Ok, here is what I would do:

Soak the meat in whatever flammable beverage you are planning on.

as for the cheese - yes you can smoke it - just do it at a low temperature (low and slow)

Multiple woods - go for it - I love hickory and mesquite.  Also throwing in some applewood gives a real nice finish,

Experiment and have fun


----------



## bigdaddy3k (Feb 3, 2010)

I cannot find a spec on this box. Just a caution that cheeses are usually smoked in a cold smoker. A separate chamber is used to generate the smoke and the smoke is channeled to a second chamber where the food is kept. The length  of the channel determines how much heat makes it to the second chamber. Smoking cheeses in a regular smoker will get you delicious, smokey, melted cheese.


----------



## BigAL (Apr 13, 2010)

bigdaddy3k said:


> I cannot find a spec on this box. Just a caution that cheeses are usually smoked in a cold smoker.

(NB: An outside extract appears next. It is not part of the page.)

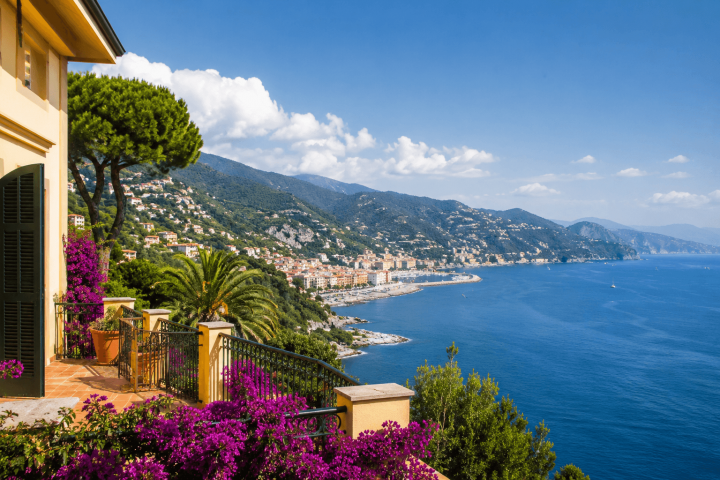 Elegante villa con vistas al mar en la costa de Liguria, con vistas panorámicas de la Riviera italiana y propiedades de lujo en Liguria.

A separate chamber is used to generate the smoke and the smoke is channeled to a second chamber where the food is kept. The length of the channel determines how much heat makes it to the second chamber. Smoking cheeses in a regular smoker will get you delicious, smokey, melted cheese.


 
Good point, although some smokers can get low enough that you can add a big tray of ice below the cheese to keep it cool.  What temp is low enough, I don't know.....but nothing wrong w/melted cheese.  Keep crackers nearby.  

Wouldn't be hard to do, smoke something in the smoker and run dryer vent hose from the vent to a cardboard box w/a rack in it.  Just an idea.


----------